But if standing is challenged as a factual matter, the challenge shifts from a facial one -where the Court looks only to the Complaint and takes all reasonable inferences in plaintiff's favor - to a factual one. See Apex Digital, Inc. v. Sears, Roebuck & Co., 572 F.3d 440, 443-44 (7th Cir. 2009). When the challenge is factual, the Court “may properly look beyond the jurisdictional allegations of the complaint and view whatever evidence has been submitted on the issue to determine whether in fact subject matter jurisdiction exists.” Ezekiel v. Michel, 66 F.3d 894, 897 (7th Cir. 1995) (citing Capitol Leasing Co. v. F.D.I.C., 999 F.2d 188, 191 (7th Cir. 1993)).

A motion to dismiss under Rule 12(b)(6) challenges the sufficiency of the complaint, not its merits. See Fed.R.Civ.P. 12(b)(6); Gibson v. City of Chicago, 910 F.2d 1510, 1520 (7th Cir. 1990). In considering a motion to dismiss, the Court accepts as true all well-pleaded facts in the complaint and draws all reasonable inferences from those facts in the plaintiff's favor. See AnchorBank, FSB v. Hofer, 649 F.3d 610, 614 (7th Cir. 2011). To survive a Rule 12(b)(6) motion, the complaint must provide the defendant with fair notice of the basis for the claim, and it must be facially plausible. See Ashcroft v. Iqbal, 556 U.S. 662, 678 (2009); Bell Atl. Corp. v. Twombly, 550 U.S. 544, 555 (2007). “A claim has facial plausibility when the plaintiff pleads factual content that allows the court to draw the reasonable inference that the defendant is liable for the misconduct alleged.” Iqbal, 556 U.S. at 678.

Analysis

I. Subject Matter Jurisdiction

Defendants challenge this Court's subject matter jurisdiction, so the Court must begin there. See Miller v. Sw. Airlines Co., 926 F.3d 898, 902 (7th Cir. 2019) (“Subject-matter jurisdiction is the first issue in any case[.]”); see also Steel Co. v. Citizens for a Better Env't, 523 U.S. 83, 94 (1998). Subject matter jurisdiction always comes first.

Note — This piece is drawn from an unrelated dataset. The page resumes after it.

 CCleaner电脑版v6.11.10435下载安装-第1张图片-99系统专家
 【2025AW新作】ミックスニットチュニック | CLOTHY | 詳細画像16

Defendants contend that the case is moot. See Defs.' Mem., at 7 (Dckt. No. 14). “Mootness is a constitutional doctrine designed to avoid the issuance of advisory opinions. A suit becomes moot when it is impossible for a court to grant any effectual relief whatever to the prevailing party.” E.F.L. v. Prim, 986 F.3d 959, 962 (7th Cir. 2021) (cleaned up). “Federal courts lack subject matter jurisdiction when a case becomes moot.” Pakovich v. Verizon LTD Plan, 653 F.3d 488, 492 (7th Cir. 2011).

Defendants believe that the case is moot because “the consular officer made a decision and refused Mr. Yarahmadi's visa application on February 2, 2023.” See Defs.' Mem., at 7 (Dckt. No. 14). Zadeh and Yarahmadi disagree. See Pls.' Resp. to Mtn. to Dismiss, at 9 (Dckt. No. 17). They believe that Yarahmadi's application is still pending review after the section 221(g) refusal.

Plaintiffs get it right.

The document refusing Yarahmadi's application under section 221(g) does not use the language of finality. In fact, it makes clear that the window of opportunity is not yet closed.

“Your visa application is refused under section 221(g) of the U.S. Immigration and Nationality Act for the reasons stated below. However, this refusal may be overcome once the missing documentation is submitted and/or administrative processing is completed.” See Pls.' Ex. D (Dckt. No. 1-4).

Underneath that language, the document shows that an official from the consular office wrote a red “X” in a box titled “Administrative Processing.” Id. Inside the Administrative Processing box, printed language reads: “This process can sometimes take several months. You will be contacted once the processing is complete.” Id.

When Yarahmadi logs onto the State Department website, he is greeted by language about the refusal of his visa application. See Ex. E (Dckt. No. 1-5). That language addresses applicants like Yarahmadi, whose applications were refused for administrative processing. Id. “If you were informed by the consular office that your case was refused for administrative processing, your case will remain refused while undergoing such processing. You will receive another adjudication once such processing is complete.” Id.

In other words, Yarahmadi's visa application process hasn't ended. Processing is not complete. He is waiting for administrative processing to conclude, but he hasn't received a final decision yet.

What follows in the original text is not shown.